• **WHAT TO PRODUCE**:
Copy out each line of the data holding "Stainless".
Start of Block
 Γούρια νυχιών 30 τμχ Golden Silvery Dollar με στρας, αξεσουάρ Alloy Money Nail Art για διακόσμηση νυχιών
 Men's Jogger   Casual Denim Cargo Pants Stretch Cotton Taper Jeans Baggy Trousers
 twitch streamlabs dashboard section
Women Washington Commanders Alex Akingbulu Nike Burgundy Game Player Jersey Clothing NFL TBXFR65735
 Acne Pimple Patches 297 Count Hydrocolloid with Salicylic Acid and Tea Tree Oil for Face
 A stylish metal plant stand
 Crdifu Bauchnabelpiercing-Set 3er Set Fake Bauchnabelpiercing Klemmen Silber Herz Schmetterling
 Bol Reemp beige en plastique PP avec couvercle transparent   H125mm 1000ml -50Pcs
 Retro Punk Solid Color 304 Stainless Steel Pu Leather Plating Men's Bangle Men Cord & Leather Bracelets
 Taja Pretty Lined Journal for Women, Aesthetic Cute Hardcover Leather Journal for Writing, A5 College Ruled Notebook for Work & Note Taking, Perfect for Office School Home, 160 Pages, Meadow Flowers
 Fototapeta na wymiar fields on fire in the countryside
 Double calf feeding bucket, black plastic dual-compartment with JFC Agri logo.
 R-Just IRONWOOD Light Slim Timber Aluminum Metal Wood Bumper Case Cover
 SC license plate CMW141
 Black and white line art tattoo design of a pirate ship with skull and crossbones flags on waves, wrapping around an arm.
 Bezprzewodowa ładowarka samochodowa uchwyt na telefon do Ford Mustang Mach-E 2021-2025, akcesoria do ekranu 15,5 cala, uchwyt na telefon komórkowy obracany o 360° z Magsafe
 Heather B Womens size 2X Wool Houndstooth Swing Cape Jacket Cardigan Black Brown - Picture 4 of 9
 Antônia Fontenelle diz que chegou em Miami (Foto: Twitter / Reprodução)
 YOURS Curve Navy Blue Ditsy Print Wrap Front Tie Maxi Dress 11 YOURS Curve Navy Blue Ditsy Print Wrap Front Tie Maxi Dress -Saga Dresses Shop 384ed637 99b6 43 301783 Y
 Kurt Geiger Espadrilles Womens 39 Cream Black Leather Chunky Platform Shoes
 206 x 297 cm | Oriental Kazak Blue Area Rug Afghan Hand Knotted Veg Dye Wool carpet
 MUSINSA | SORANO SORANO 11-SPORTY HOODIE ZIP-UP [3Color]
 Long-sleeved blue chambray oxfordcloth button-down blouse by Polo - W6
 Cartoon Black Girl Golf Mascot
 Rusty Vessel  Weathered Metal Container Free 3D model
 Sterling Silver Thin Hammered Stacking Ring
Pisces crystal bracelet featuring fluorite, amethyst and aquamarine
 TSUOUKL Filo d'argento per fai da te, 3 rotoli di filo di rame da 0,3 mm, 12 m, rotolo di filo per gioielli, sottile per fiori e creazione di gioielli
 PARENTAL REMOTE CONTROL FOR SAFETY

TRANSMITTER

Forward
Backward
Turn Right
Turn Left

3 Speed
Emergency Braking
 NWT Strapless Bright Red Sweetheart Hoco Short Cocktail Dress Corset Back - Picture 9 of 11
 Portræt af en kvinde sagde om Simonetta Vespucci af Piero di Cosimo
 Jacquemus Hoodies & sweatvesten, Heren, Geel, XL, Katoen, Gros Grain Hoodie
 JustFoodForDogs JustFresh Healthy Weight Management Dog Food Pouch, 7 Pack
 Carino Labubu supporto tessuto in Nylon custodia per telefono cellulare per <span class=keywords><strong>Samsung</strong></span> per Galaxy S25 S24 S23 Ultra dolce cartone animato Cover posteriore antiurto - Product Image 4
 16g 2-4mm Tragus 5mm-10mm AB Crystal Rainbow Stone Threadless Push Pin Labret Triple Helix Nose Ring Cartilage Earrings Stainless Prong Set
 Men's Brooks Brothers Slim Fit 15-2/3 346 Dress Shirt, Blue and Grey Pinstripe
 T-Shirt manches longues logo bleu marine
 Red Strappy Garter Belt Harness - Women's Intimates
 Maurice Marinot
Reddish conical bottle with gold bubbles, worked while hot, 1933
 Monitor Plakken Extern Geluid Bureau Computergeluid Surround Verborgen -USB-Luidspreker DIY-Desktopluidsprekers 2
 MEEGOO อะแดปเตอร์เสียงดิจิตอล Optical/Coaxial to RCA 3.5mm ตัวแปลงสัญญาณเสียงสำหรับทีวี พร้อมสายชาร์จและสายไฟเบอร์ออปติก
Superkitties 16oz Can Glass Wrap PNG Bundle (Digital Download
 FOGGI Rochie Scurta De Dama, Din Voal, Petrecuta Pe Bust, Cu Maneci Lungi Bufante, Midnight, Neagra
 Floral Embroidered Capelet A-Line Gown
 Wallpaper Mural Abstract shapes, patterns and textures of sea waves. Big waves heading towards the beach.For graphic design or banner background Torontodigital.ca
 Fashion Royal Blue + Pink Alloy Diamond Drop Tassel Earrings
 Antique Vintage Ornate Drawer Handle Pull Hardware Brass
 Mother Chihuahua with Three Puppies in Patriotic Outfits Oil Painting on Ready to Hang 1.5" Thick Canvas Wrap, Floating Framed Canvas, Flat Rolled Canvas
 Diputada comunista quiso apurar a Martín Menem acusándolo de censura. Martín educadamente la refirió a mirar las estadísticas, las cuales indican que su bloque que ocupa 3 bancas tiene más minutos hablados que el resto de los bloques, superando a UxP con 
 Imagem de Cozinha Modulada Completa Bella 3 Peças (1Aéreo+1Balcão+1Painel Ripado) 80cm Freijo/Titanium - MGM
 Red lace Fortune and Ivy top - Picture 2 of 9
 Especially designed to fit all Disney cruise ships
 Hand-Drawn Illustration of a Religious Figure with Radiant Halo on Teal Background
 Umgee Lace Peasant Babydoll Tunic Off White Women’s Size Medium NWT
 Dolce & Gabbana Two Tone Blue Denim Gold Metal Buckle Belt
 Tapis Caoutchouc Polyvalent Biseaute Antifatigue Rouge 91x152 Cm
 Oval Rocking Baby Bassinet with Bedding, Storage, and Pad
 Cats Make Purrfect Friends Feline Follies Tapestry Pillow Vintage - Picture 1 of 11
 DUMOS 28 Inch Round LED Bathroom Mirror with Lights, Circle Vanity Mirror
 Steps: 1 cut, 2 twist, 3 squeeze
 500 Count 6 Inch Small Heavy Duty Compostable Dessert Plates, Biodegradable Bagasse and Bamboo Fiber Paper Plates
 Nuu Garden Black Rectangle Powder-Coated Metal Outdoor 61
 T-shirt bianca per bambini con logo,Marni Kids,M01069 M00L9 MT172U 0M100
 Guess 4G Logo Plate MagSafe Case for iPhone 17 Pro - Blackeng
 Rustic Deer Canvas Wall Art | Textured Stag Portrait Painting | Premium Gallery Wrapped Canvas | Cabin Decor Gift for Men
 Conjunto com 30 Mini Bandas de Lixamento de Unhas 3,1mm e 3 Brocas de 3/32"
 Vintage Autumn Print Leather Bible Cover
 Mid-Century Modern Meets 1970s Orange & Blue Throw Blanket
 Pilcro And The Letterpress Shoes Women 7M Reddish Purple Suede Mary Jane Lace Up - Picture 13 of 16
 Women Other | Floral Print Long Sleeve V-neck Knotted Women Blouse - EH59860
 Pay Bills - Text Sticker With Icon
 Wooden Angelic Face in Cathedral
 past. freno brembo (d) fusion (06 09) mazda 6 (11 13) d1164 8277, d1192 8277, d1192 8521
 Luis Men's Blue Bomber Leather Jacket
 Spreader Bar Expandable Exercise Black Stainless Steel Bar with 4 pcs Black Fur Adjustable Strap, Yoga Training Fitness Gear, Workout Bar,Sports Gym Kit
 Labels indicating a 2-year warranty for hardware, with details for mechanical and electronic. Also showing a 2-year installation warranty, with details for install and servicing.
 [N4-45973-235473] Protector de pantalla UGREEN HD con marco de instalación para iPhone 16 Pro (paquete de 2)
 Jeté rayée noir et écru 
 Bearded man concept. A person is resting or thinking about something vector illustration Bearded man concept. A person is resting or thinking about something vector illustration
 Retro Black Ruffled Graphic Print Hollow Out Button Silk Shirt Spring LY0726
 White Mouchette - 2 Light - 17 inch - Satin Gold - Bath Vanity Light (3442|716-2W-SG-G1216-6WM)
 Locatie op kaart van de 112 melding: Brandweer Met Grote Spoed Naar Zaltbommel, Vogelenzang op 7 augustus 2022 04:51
End of Block
• **SOLUTION TO THIS EXERCISE**:
 Retro Punk Solid Color 304 Stainless Steel Pu Leather Plating Men's Bangle Men Cord & Leather Bracelets
 16g 2-4mm Tragus 5mm-10mm AB Crystal Rainbow Stone Threadless Push Pin Labret Triple Helix Nose Ring Cartilage Earrings Stainless Prong Set
 Spreader Bar Expandable Exercise Black Stainless Steel Bar with 4 pcs Black Fur Adjustable Strap, Yoga Training Fitness Gear, Workout Bar,Sports Gym Kit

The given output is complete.